*** Opening GIVEN INFORMATION ***
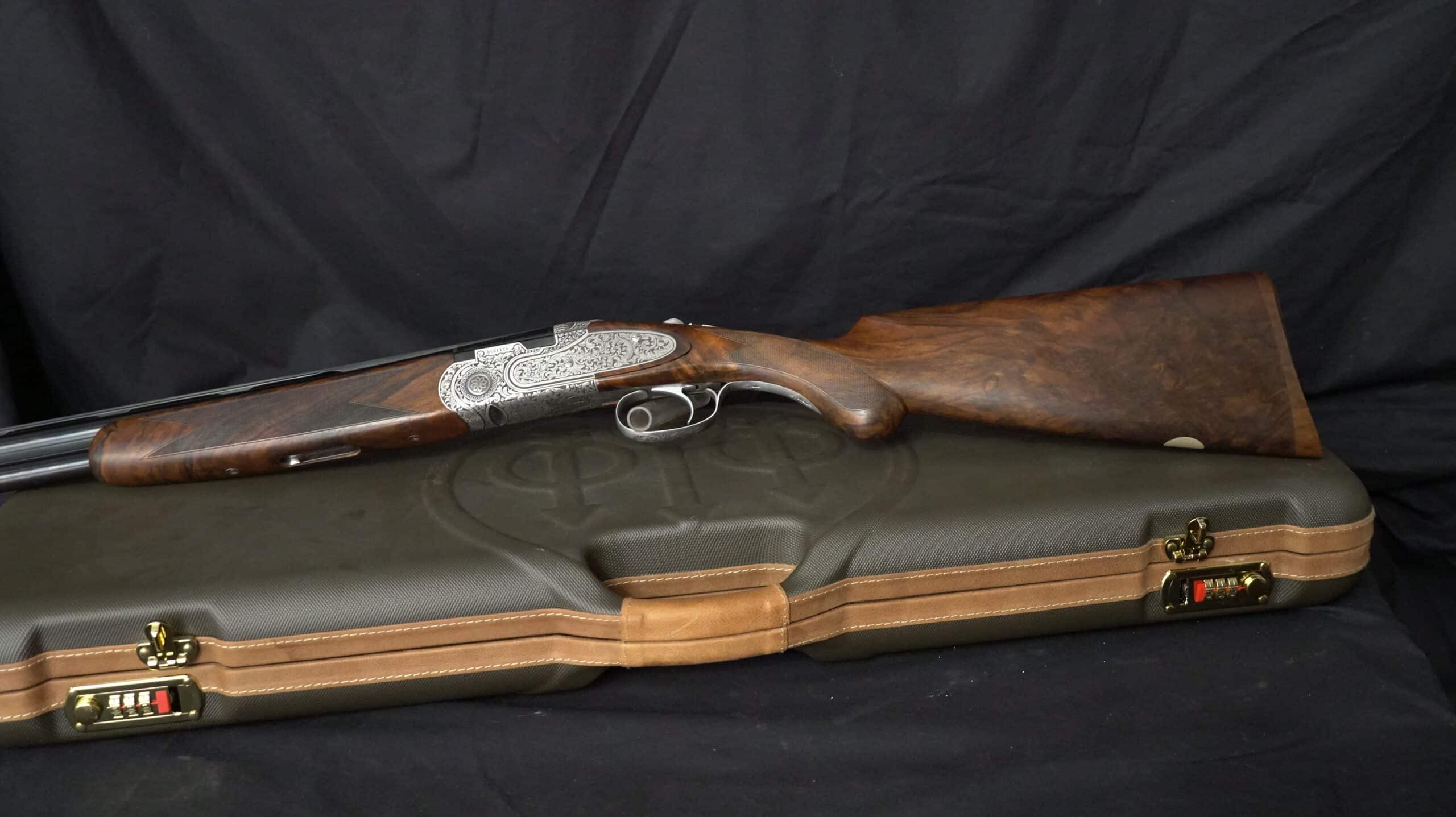 Fusil superposé Beretta avec gravures fines posé sur sa mallette de transport rigide.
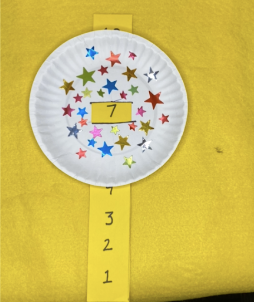 White paper plate decorated with star stickers with a paper strip with numbers ten to one visible through a hole in the middle on a yellow background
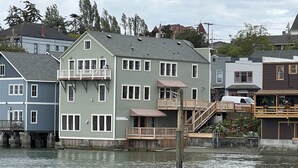 A waterfront property with a multi-story house featuring balconies, a wooden deck, and a small boat docked nearby.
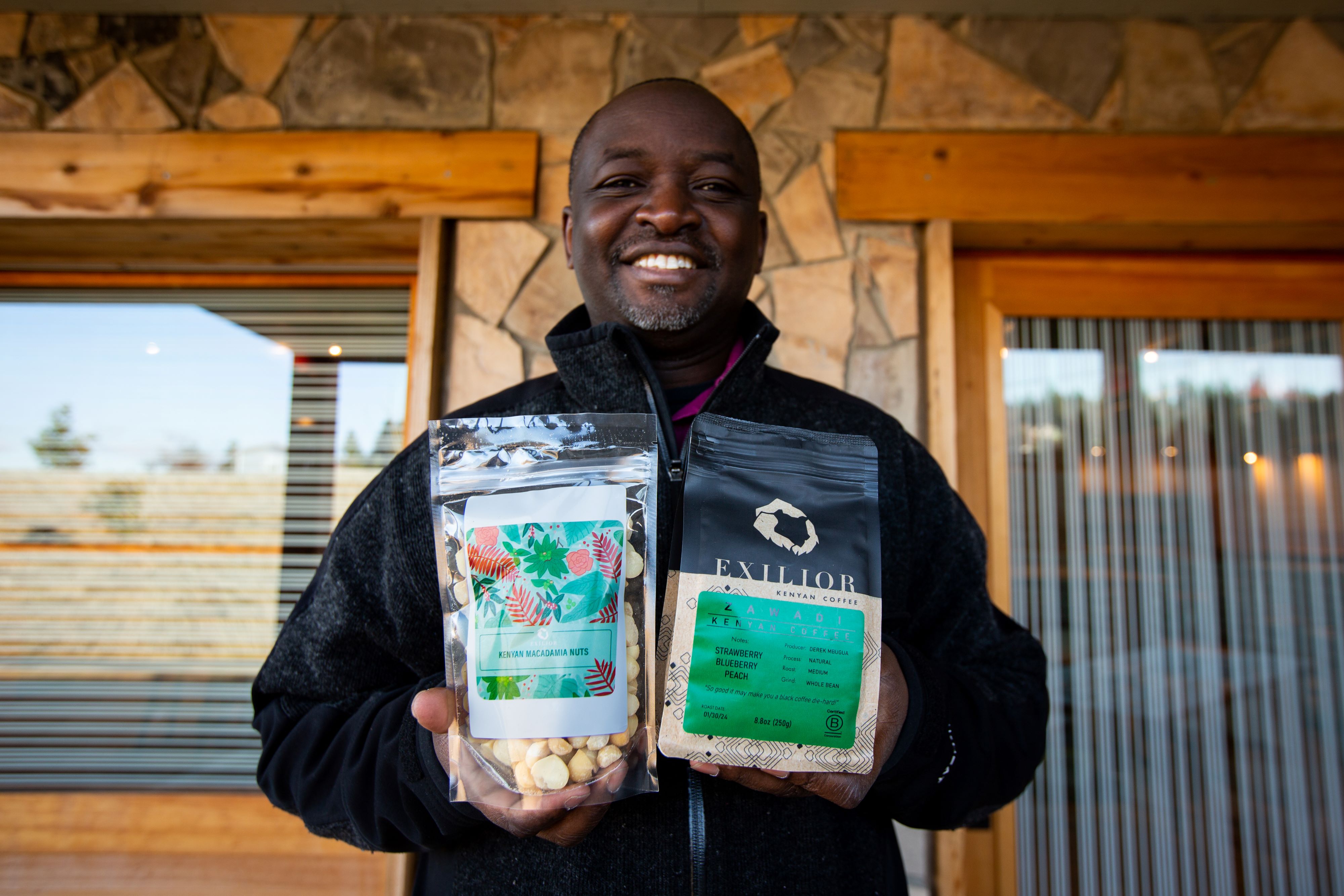 Francis Kungu, Co Founder of Exilior Coffee, holds coffee bags.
*** Closing GIVEN INFORMATION ***
> [EXERCISE GOAL]: Give back the full listing above word for word, and let no picture through.

> [SOLUTION FOR THIS TASK]:
 Fusil superposé Beretta avec gravures fines posé sur sa mallette de transport rigide.
 White paper plate decorated with star stickers with a paper strip with numbers ten to one visible through a hole in the middle on a yellow background
 A waterfront property with a multi-story house featuring balconies, a wooden deck, and a small boat docked nearby.
 Francis Kungu, Co Founder of Exilior Coffee, holds coffee bags.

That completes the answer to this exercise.